» DATA
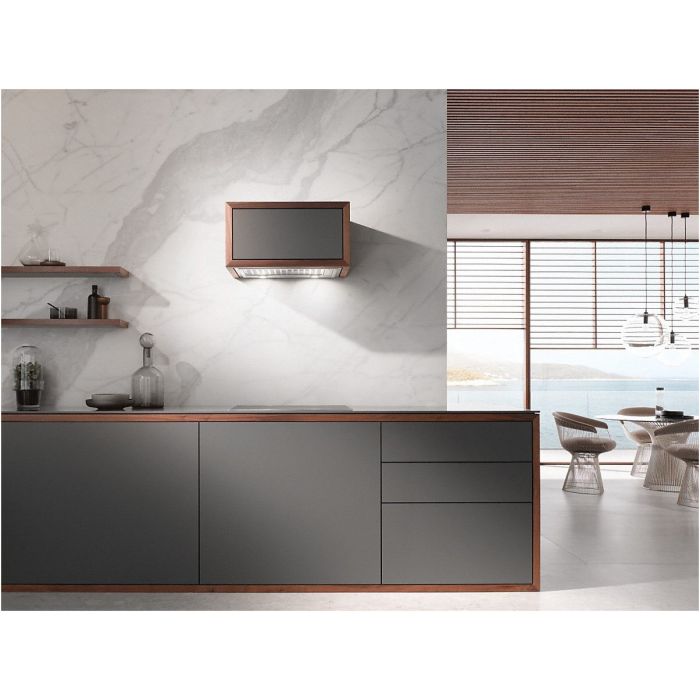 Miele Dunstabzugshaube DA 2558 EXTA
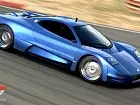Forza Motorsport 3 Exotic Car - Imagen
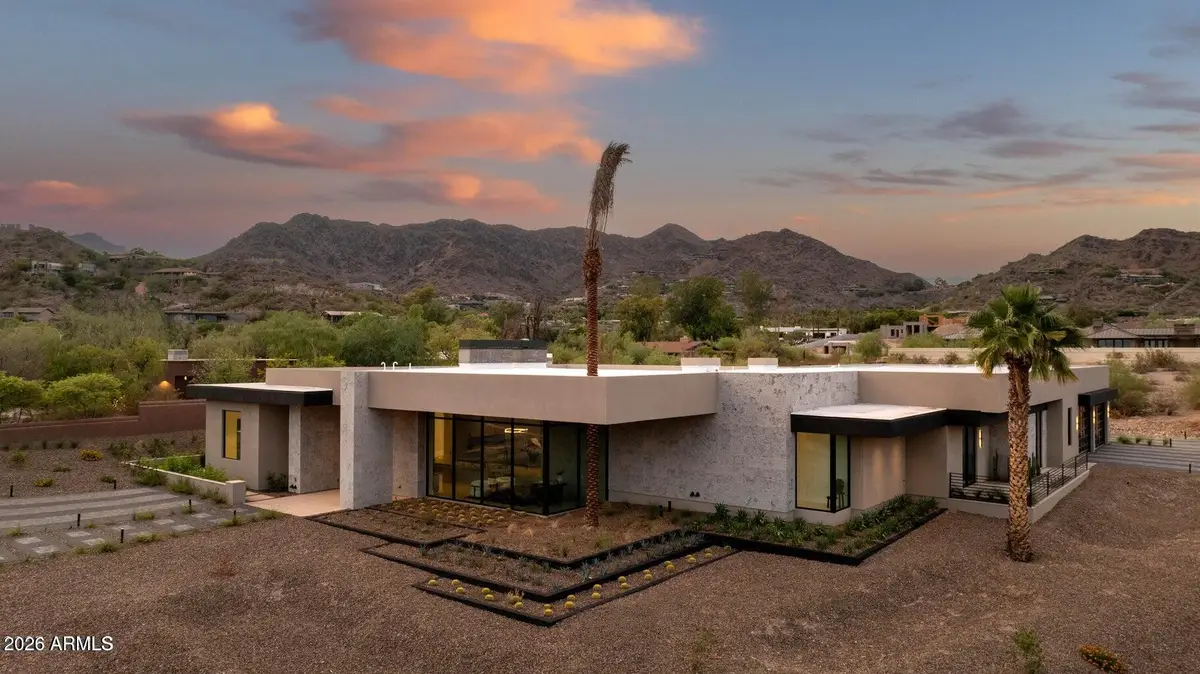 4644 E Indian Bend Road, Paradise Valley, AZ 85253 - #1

» WHAT THE TASK REQUIRES
Leave every picture out and write out exactly the lines from the line with "Forza Motorsport 3 Exotic Car - Imagen" through the last line of the material.

» TASK RESPONSE
Forza Motorsport 3 Exotic Car - Imagen
 4644 E Indian Bend Road, Paradise Valley, AZ 85253 - #1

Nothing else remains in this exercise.